Rhinoは、特に挑戦的なプロジェクトで多くのユーザーの方に選んでいただけるツールになりました。2019年公開の中国のSF映画、流転の地球(The Wandering Earth)では本物そっくりの宇宙服を含め、多くの特殊アイテムや衣装がRhinoを使って実現されました。
メイン製作チームの1つ、Studio MDI が小道具のデザインや構造設計でRhinoをどう使ったのかや、映画の物理的オブジェクトを作り出し、撮影につなげた様子を教えてくださいました。
Li Jian は Studio MDI で宇宙服を担当したデザイナーで、チームはアニメーションとインダストリアルデザインとの共同作業だったと説明しています。
流転の地球 のようなプロジェクトでは、最初に監督と美術班が設定や参考資料を提供します。その後 Studio MDI と話し合いながら焦点はいくつかの手書き原稿に絞られ、監督の承認を得てインダストリアルデザイナーが作業に入ります。
Li Jian のコメント: "プロジェクトはいずれ俳優が身に付ける実物を作り出すことになり、多くのアクションやクローズアップと連携することにもなるため一般的に使われる従来の映画やテレビ業界のソフトは十分でなく、デザインのフォローにRhinoを使います。"

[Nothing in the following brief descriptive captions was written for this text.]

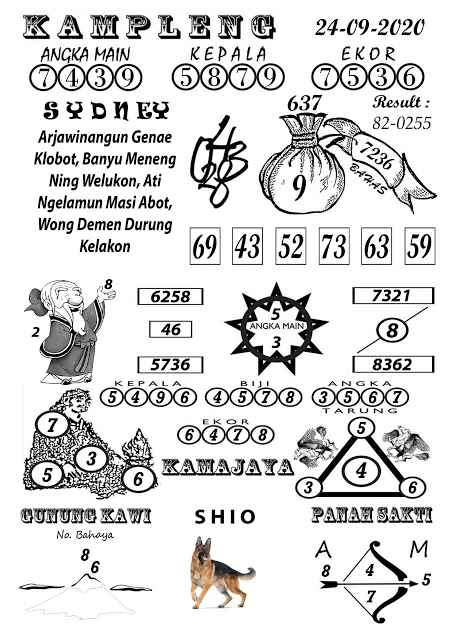 Prediksi Syair Sydney 24 September 2020 Pangkalantoto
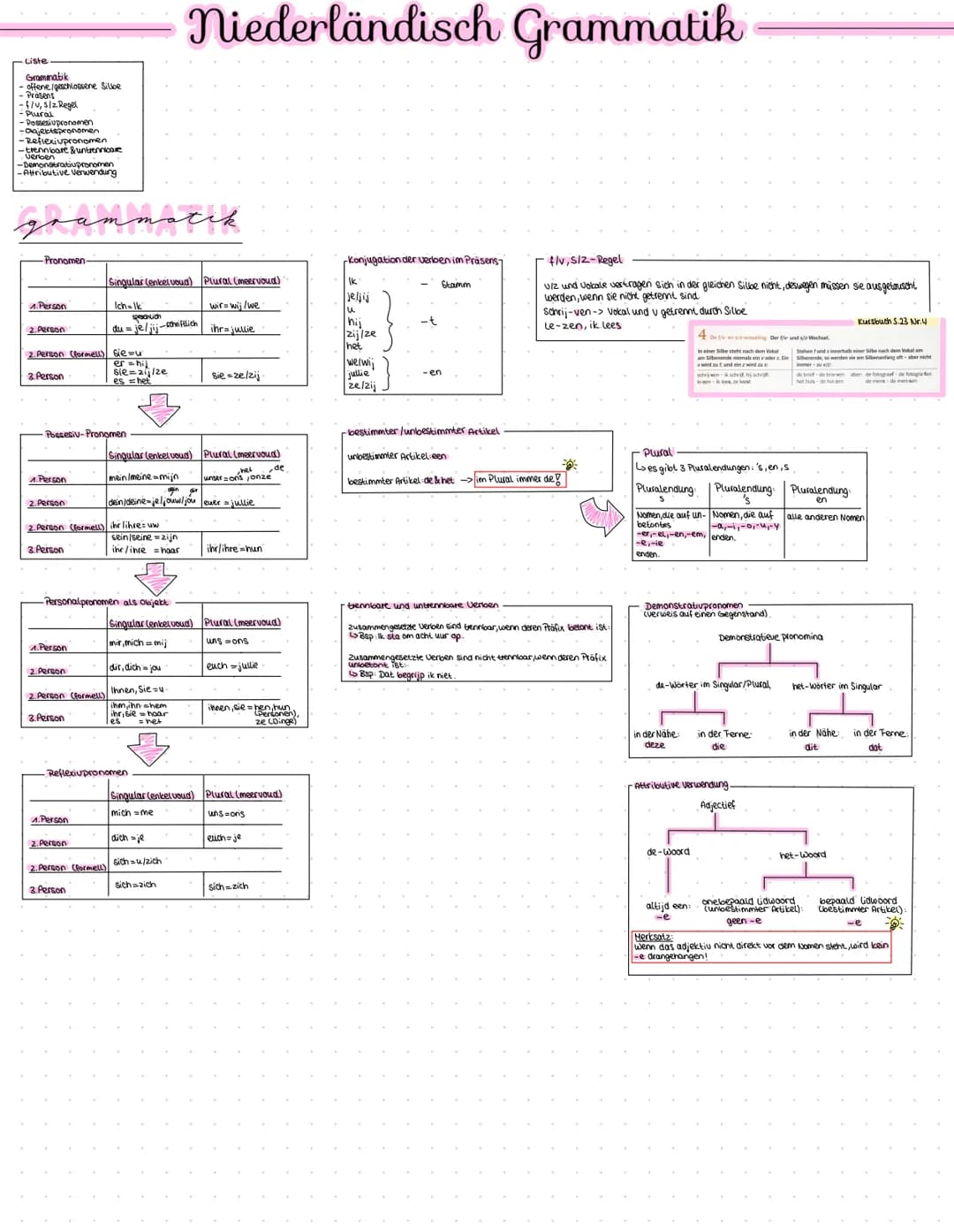 Checkliste
Grammatik
-offene / geschlossene Silbe
- Prasens
-f/v, s/z Regel
-(Plural)
- Possesivpronomen
Wortschatz
-Vokabeln (dick gedruckt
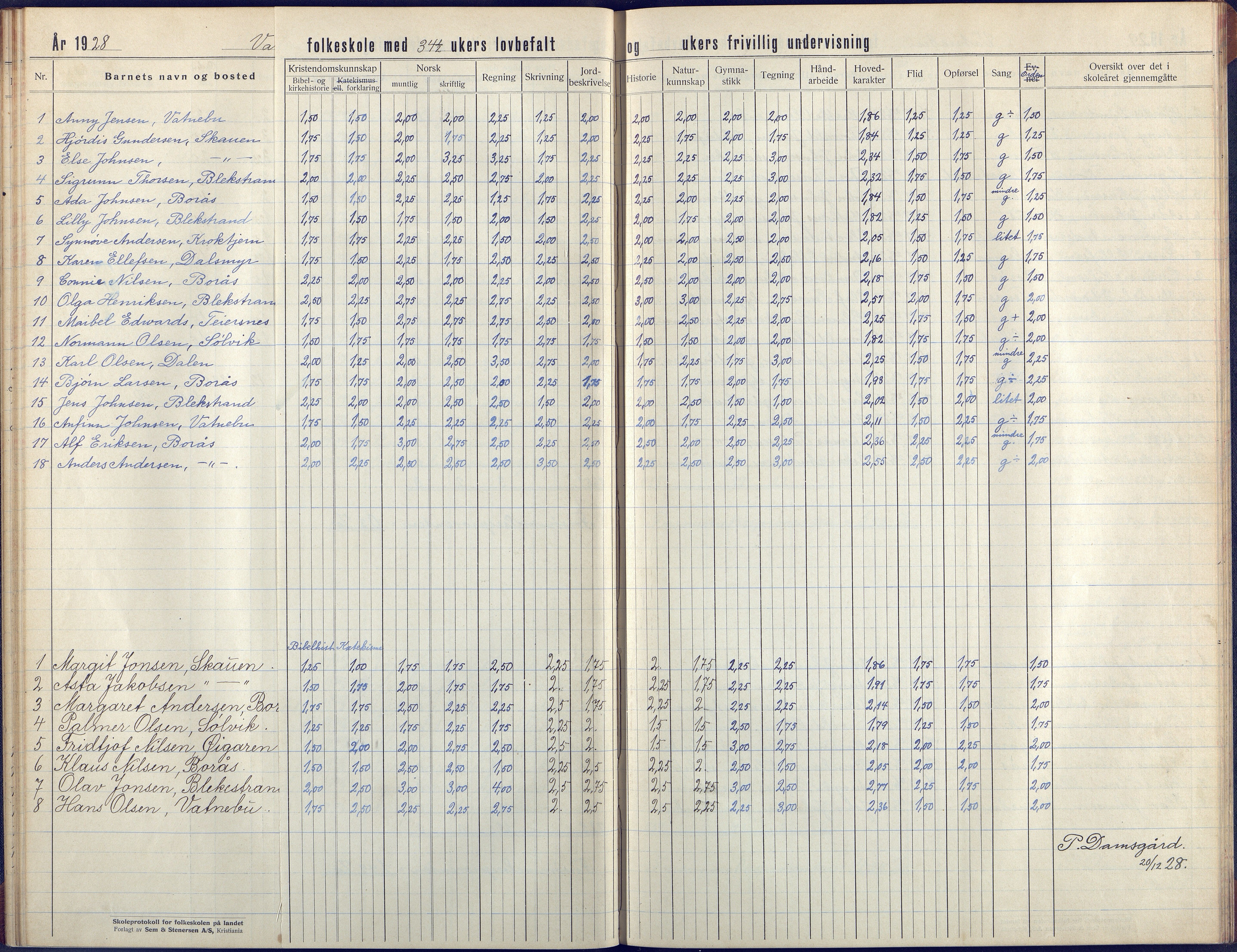 Flosta kommune, Vatnebu skole, AAKS/KA0916-550d/F3/L0004: Skoleprotokoll, 1924-1931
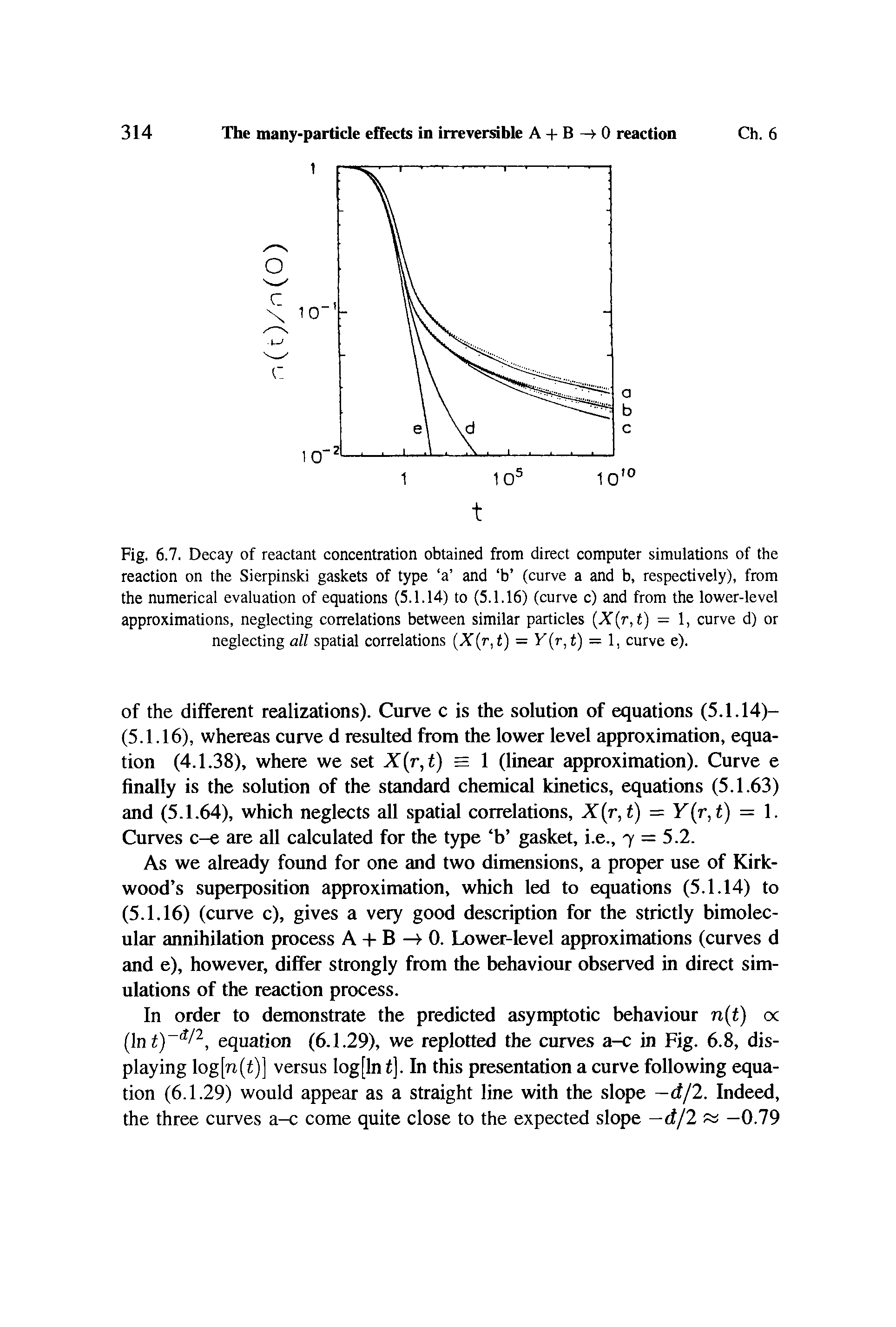 Fig. 6.7. Decay of reactant concentration obtained from direct computer simulations of the reaction on the Sierpinski gaskets of type a and b (curve a and b, respectively), from the numerical evaluation of equations (5.1.14) to (5.1.16) (curve c) and from the lower-level approximations, neglecting correlations between similar particles (X(r,t) = 1, curve d) or neglecting all spatial correlations (X(r,t) = Y(r, t) = 1, curve e).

"2Dのスケッチを3Dモデリングにして使えるオブジェクトをどう作り出し、大きなスクリーンに自然な光と影、さらに細部まで映せるようにするかは大きな課題です。監督の非常に厳しい要求にも応える必要があり、SF小道具の極度な光と影の関係は監督のこだわりの目に左右されています。ですから多くの小道具、特に宇宙服のデザインのモデリングプロセスでは、Rhino 6 のSubD機能を多用します。Rhinoで基本ジオメトリとエッジをフィレットするコマンドを避けられるよう、丸みのあるエッジは可能な限り高次サーフェスを使い、巨大スクリーンで動かした時に自然な光を影の変化を映し出すことができるようにします。" Li Jian は続けました。
"宇宙服は俳優の体にフィットし、演技中の動きを妨げてはいけません。現実と同じように開発する必要があり、製品のように人間工学的視点から膨大な調査やテスト、見本の製造を続け、試作した宇宙服は俳優に試着を依頼し、どんな体格にも合わせます。ライト、通信、着用手順、換気システム等、クリアしなければならない機能がたくさんあり、基本的には実際の製品の開発プロセスに従っていますが、時間も予算も非常に厳しいですから、課題は本当に山積しています。"
Li Jian はこう言いました。"Rhinoを使って非常に多くの構造設計を自分達で行う必要があり、一番難しいのはトランスミッションの機械設計です。透明なカバーは撮影中に何度も開閉する必要がありますから、メカニカルトランスミッションを使って問題を解決する必要がありました。幸い、チームにはにはしっかりした機械設計がベースの工業デザインの経歴があり、デザインの作業中はRhinoのテクニカルサポートがギアセットを間に合わせられるようプラグインを提供してくれました。"
“他にも多くの機械構造があり、いくつかはカメラに映る必要がないとはいえ、関連する構造は実際の製品に準じてデザインされました。機械が専門ではない私達にとってまだかなり難しいですが、Rhinoでの干渉の検出やメカニカルトランスミッションのシミュレーションは非常に大きな役割を果たしました。”
"Rhinoは従来のアニメの特殊効果やエンジニアリングのソフトと違ってモデリングと実装の間ぐらいにあり、一番適切な選択です。Rhinoがなければ、この非常に困難なプロジェクトでこれほどの成功を収めるとは想像もできないでしょう。"
上の写真中央でテストを行っているのが Li Jian です。
Studio MDI は映画やテレビのフィジカルエフェクトをデザイン/制作するチームで、Li Jian の元教え子が設立しました。
この記事の画像は全て Li Jian および Studio MDI に提供していただいたものです。